Further, the Vajpayee period has shown that the party can grow at the state level even while holding power at the Centre. In fact, there is a new generation of leaders who wield power in most of the seven states. In contrast to several key ministers and office bearers in New Delhi who are in the glare of media attention but are members of the indirectly elected Rajya Sabha, these chief ministers have a popular mandate. Should any of them succeed in meeting popular aspirations and retaining power, they will emerge as key players in the party of the future. It may not be out of place to mention that all of them have either come through the RSS or have its seal of approval.

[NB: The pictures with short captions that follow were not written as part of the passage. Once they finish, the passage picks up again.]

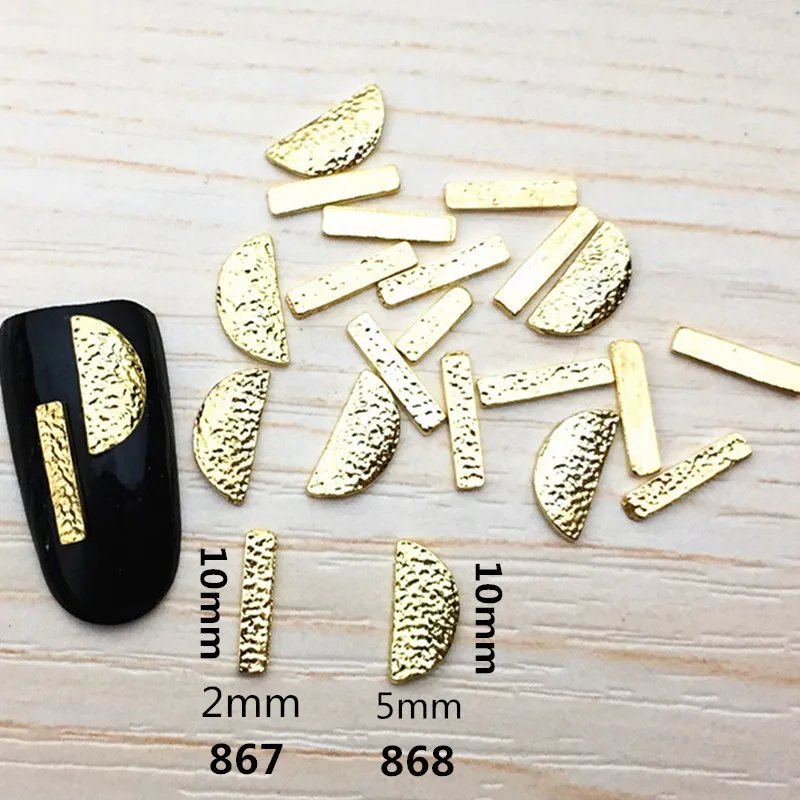 

10pcs/bag newest Japan Korea 3D Nail Art Decoration Metal Kawaii Fahion Rectangle Halfmoon DIY Charm Nail Styling Tools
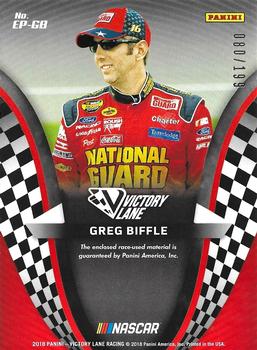 2018 Panini Victory Lane - Engineered to Perfection Gold #EP-GB Greg Biffle Back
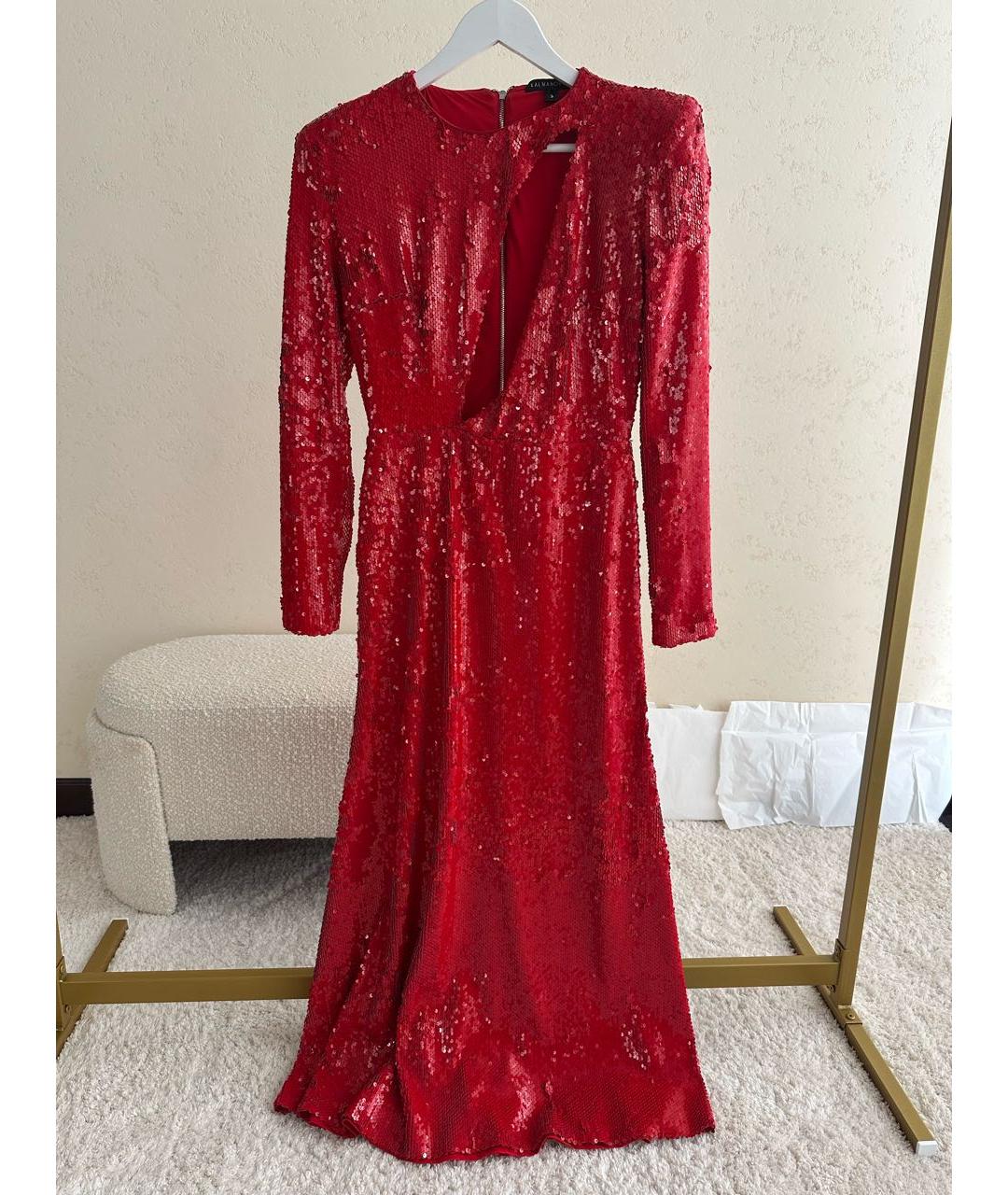 KALMANOVICH Красное полиэстеровое вечернее платье, фото 4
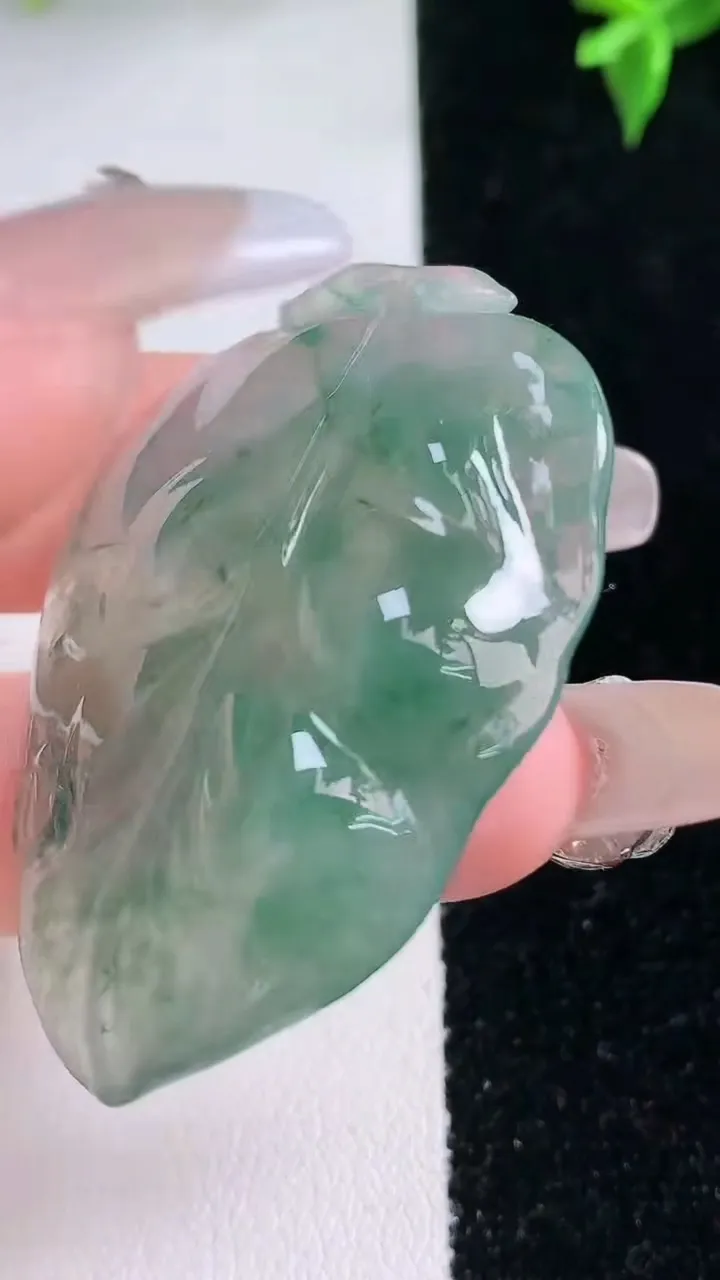 天然A货翡翠飘花金枝玉叶 叶子吊坠，尺寸47-31.8-8，重量:18.81g
1月22日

Third, the acid test of whether or not the party has evolved beyond its moorings will only come when it has been in power in a state for a long period of time on its own strength. This does not seem feasible in the near future at the Union level. But Gujarat in 2002 was a warning and it is the sole state where the party has won three elections in a row. Was it an ‘aberration’ as L.K. Advani insists or a structural feature of the Hindutva brand of politics? The deputy prime minister’s assertion will convince few outside his own party but the fact is much of the country is still willing to give him and his party the benefit of doubt. Whether the victims in Gujarat get justice and the perpetrators of violence are punished will be the real test. As with the Congress in 1984, it will be its record that will speak, not its leader’s claims.

Fourth, and this is crucial, no ideologically aligned party has hinged so much on the appeal of one individual as the BJP on Vajpayee. Much like Indira Gandhi in her last phase, he has become the talisman of success for his party. His ability to speak in many voices at the same time, his sheer experience and acceptability across the board, makes him a difficult leader to equal. In fact, his personal acceptability has provided a vital umbrella for the ideologically charged actions of his associates and followers. The party will be more vulnerable once he moves on. Whether the anti-BJP parties will utilise such an opportunity will be the key question.

In summary, Vajpayee has put the BJP where it is today. It is less a question of playing from strength than one of adapting a strategy to fit the situation. The Congress has failed to play the role of an effective opposition by allowing the ruling alliance to set the terms of the debate. The Third Front, though potentially strong on paper, is a non-starter in real terms. The regional parties have a place in the NDA universe and though less equal than others, they are for now content to play along. The main barriers in the way of the Sangh in its ideological drive are the institutions that have been built over the last few decades: the courts, the press and public opinion.

India lived for decades with a strong Congress government and a weak opposition. It appears that Vajpayee stands to gain from that legacy. The opposition of today is more divided and rudderless than the anti-Congress groups of yesteryear. The tide will, however, not run this way forever. People’s aspirations have crossed the limits they were once contained in. If his party cannot meet them, there will be challengers waiting in the wings.